Şanlıurfa’nın Suruç ilçesinde dün gerçekleşen ve 32 kişinin hayatını kaybetmesine, 100 dolayında kişinin de yaralanmasına neden olan patlamanın ardından kente çöken tedirginlik ve hüzün devam ediyor.

 

Dün kepenk indiren Suruç esnafı bugün de dükkânları açmadı. Dükkânların yarın da kapalı olabileceği ihtimali ifade ediliyor.

 

 

Lokanta işletmecisi Mehmet Yılmazer, ‘’Dışarıdan Suruç’a gelen misafirler zor durumda kalmasın diye bu sabah kahvaltı için lokantayı açtık.

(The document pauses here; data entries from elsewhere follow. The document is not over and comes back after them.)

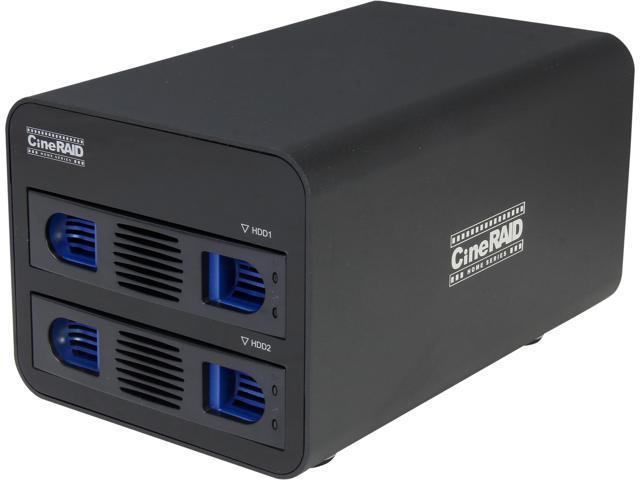 CineRAID CR-H252B Dual 3.5 Bay Quiet USB 3.0 RAID Enclosure (No Drives)
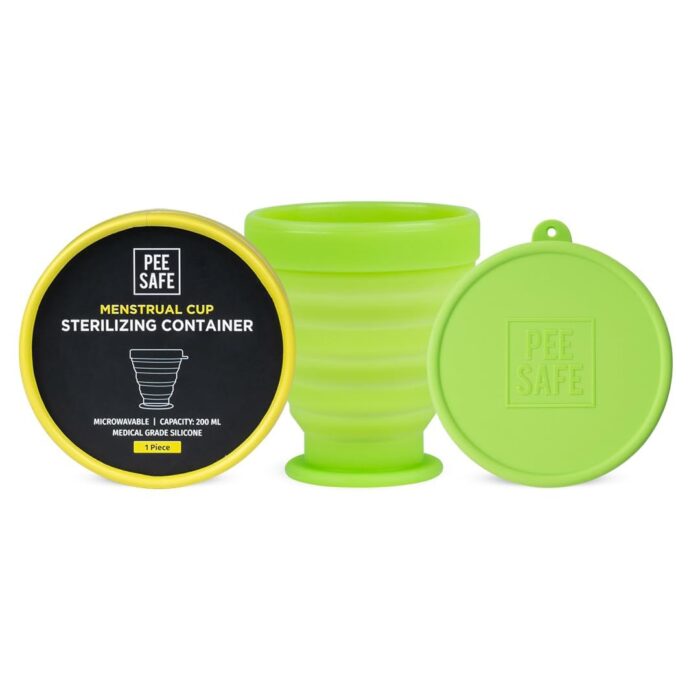 Pee Safe Menstrual Cup Sterilizing Container (Pack of 1N) | Menstrual Cup Sterilizer | Medical Grade Silicone | Microwaveable, Compact and Travel Friendly |for women| Green... Pee Safe Menstrual Cup Sterilizing Container (Pack of 1N) | Menstrual Cup Sterilizer | Medical Grade Silicone | Microwaveable, Compact and Travel Friendly |for women| Green...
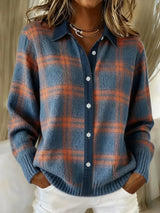 Rhiannon | Soft Checked Button-Up Cardigan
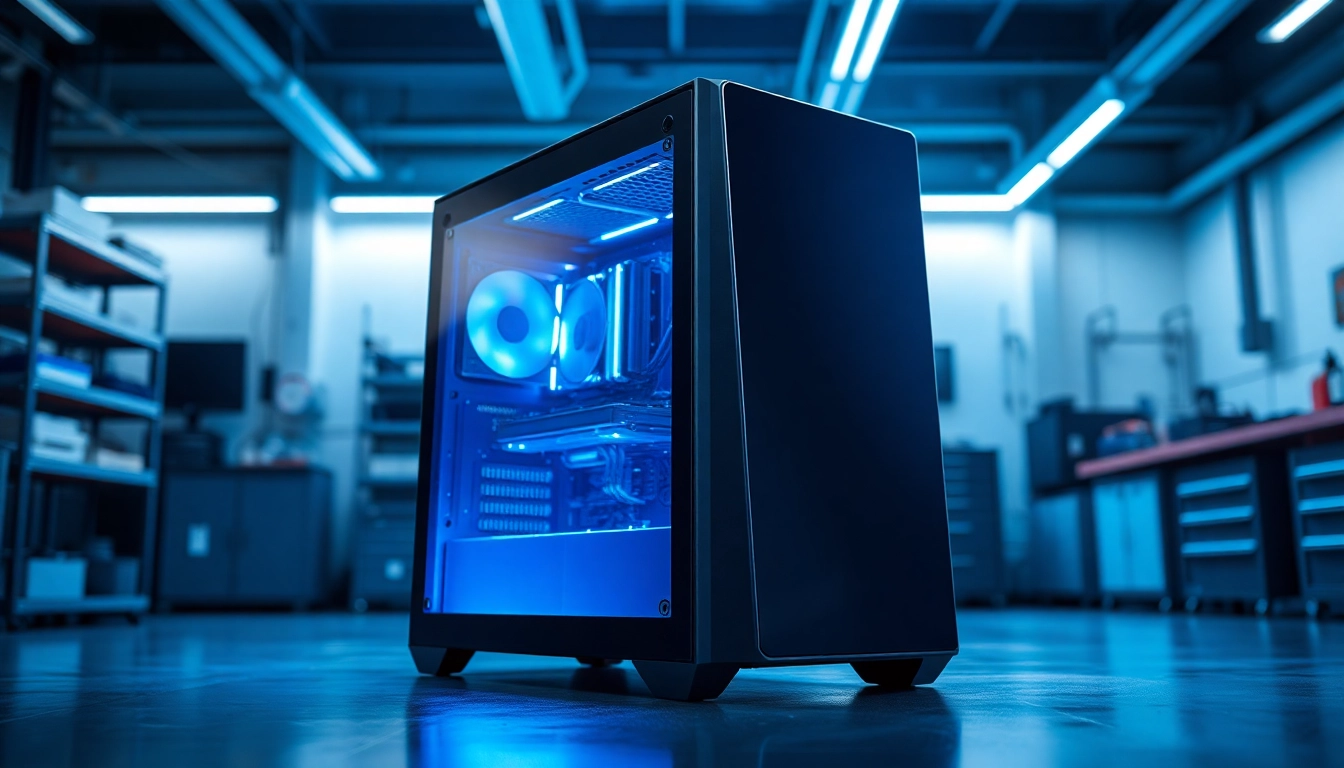 Showcase of PC CASE Manufacturer's stylish design with transparent panel highlighting the internal components.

Birazdan kapatacağız.

Genç arkadaşlarımız dün burada şehit düştü.

Yastayız, Allah bu katliamı yapanların belasını versin’’ dedi.

 

 

Bir başka esnaf Hamid Beşaltı ise ‘’Esnaf olarak psikolojimiz çökmüş durumda. Kepenkleri indirdik, iki gündür yastayız.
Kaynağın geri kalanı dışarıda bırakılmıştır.